So what function is history serving for Burke? Rather than securing for us an identity, without which we would be at sea, history is the source of sublimity, of dissonant experience and agonistic passion, without which we would be dead. Not because history is the secure ground of everyday experience but because it subverts the secure ground of everyday experience. The real threat lurking beneath the revolutionary assault on history, to Burke’s mind, is not anarchy or disorder; it’s weightlessness, the—to be sure, avant la lettre—proverbial emptiness and existential nausea of modernity that later theorists like Tocqueville, Nietzsche, and Schmitt will lament. And while that sense of weightlessness is by no means exclusive to the right, the connections that Burke draws between it and the antinomian forces of egalitarian revolution is. (“This is one among the revolutions which have given splendour to obscurity,” Burke writes in the Reflections, “and distinction to undiscerned merit.” Revolution flattens the world by pressing its extremities of high and low together; inequality keeps them apart, endowing the world with texture and depth.)

It’s important that we not assimilate, as do Goldman and many others, Burke’s theory of history to an anodyne communitarian position in part because we will overlook the much more turbulent and novel theory that is being forged there, a theory that doesn’t look backward to the eighteenth century but forward, to the nineteenth and twentieth centuries.  It’s also important because we’ll fail to see the ways in which Burke—and other “classic” conservatives—stand at the headwaters of what will become the raging torrent of the radical right, in Europe and the US. In Burke’s focus on constraint and overcoming, we see not only glimmers of the figures I mention in the previous paragraph but also, as I show in my book, glimmers of the economics of Ayn Rand and the jurisprudence of Antonin Scalia.

Maistre and Sovereignty

We can see this forward-looking dimension even more clearly in another “classic” conservative figure Goldman discusses: Joseph de Maistre.  Here’s Goldman (again quoting him at length):

Yet the counterrevolutionaries were not simply authoritarians. Unlike Hobbes, to whom it was a matter of indifference who ruled so long as someone did so, Burke and his disciples were deeply concerned with the character of the wielders of power. This was not simply a matter of natural endowments, although the conservatives did observe reasonably enough that men are not born equal in strength, intelligence, or other capacities. Instead, the classical conservatives insisted that only certain persons are in a position to develop the skills and habits that fit them for rule, not for their personal enjoyment, but rather to secure the common good that is available only when men acknowledge the distinctions that God and nature have established.

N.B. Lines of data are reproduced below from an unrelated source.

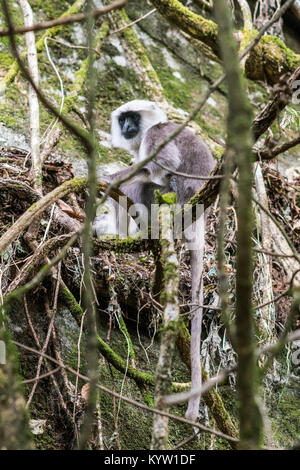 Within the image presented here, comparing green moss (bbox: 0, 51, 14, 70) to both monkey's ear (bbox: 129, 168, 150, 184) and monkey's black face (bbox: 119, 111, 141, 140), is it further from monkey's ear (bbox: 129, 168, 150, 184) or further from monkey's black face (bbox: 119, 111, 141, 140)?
monkey's ear (bbox: 129, 168, 150, 184)

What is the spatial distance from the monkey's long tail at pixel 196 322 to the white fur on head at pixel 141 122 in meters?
1.77

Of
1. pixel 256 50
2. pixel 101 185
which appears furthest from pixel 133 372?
pixel 256 50

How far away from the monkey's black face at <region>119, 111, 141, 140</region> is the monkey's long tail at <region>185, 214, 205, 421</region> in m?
1.78

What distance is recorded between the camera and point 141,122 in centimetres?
495

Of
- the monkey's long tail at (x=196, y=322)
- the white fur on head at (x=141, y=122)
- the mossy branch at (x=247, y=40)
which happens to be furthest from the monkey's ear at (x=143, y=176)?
the mossy branch at (x=247, y=40)

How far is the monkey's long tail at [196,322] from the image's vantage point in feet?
7.75

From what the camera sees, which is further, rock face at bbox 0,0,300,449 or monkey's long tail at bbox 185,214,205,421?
rock face at bbox 0,0,300,449

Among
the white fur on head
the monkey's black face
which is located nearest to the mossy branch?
the white fur on head

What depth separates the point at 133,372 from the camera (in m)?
2.83

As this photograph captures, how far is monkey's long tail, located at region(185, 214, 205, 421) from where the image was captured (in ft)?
7.75

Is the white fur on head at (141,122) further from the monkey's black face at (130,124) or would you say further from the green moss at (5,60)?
the green moss at (5,60)

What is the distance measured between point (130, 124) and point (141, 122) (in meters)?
0.13

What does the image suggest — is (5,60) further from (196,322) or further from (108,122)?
(196,322)

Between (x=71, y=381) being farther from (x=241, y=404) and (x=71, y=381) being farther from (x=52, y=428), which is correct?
(x=241, y=404) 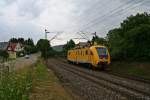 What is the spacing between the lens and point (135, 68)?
119 feet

The content of the relevant distinctions, however, is a point of difference between the conservative tradition as it developed in the English-speaking world and on the Continent. Although it was fundamentally anti-egalitarian, the former took its bearing from the ideal of the gentleman, who did not necessarily bear a title of nobility and was most at home on his rural estate. For Burke, the possession and care of landed property had a central role in cultivating the virtues necessary to rule others well. As the reference to an “entailed inheritance” suggests, Burke saw the management of an estate and its tenants as the basic model of harmonious social relations. On the other hand, those who earn their living from rapid exchange can hardly resist habits of short-term thinking, deference to the whims of customers, and the less than frank speech necessary to succeed in business.

Even a successful merchant, then, could not make himself into a gentleman. He might, however, hope to be successful enough that his grandsons would be. The assumption that social mobility is possible, although never frequent or easy, inclined English-style conservatism to the idea of a powerful but permeable aristocracy. Burke’s own rise from obscure man of letters to the ideologue of the establishment testifies to the plausibility of this assumption.

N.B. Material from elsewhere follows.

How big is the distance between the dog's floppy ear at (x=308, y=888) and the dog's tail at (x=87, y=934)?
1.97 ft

But “the spirit of the gentleman,” as Burke called it, did not exist in the same way on the Continent, partly because European titles passed to all of a nobleman’s sons rather than only to the eldest. In its place, Bonald, Maistre, and German counterparts like Friedrich Gentz deferred to the nobility of the sword. The natural rulers, as they saw them, were not a class of squires periodically refreshed by talented outsiders. They were the titled commanders of armies.

Continental conservatives generally acknowledged the necessity of a class of civil servants to administer the state. But they rejected the Aristotelian principle that participation in politics is an important component of virtue, in favor of a military monasticism that alienated the elite from the society that it was supposed to lead. Among the reasons that Burke’s conservatism supported his commitment to parliamentary government, by contrast, was that he saw politics as a fit occupation for a gentleman. Indeed, one of Burke’s central criticisms of the French Revolution is that its subversion of all civil authority made military dictatorship inevitable—an outcome for which he had no sympathy whatsoever.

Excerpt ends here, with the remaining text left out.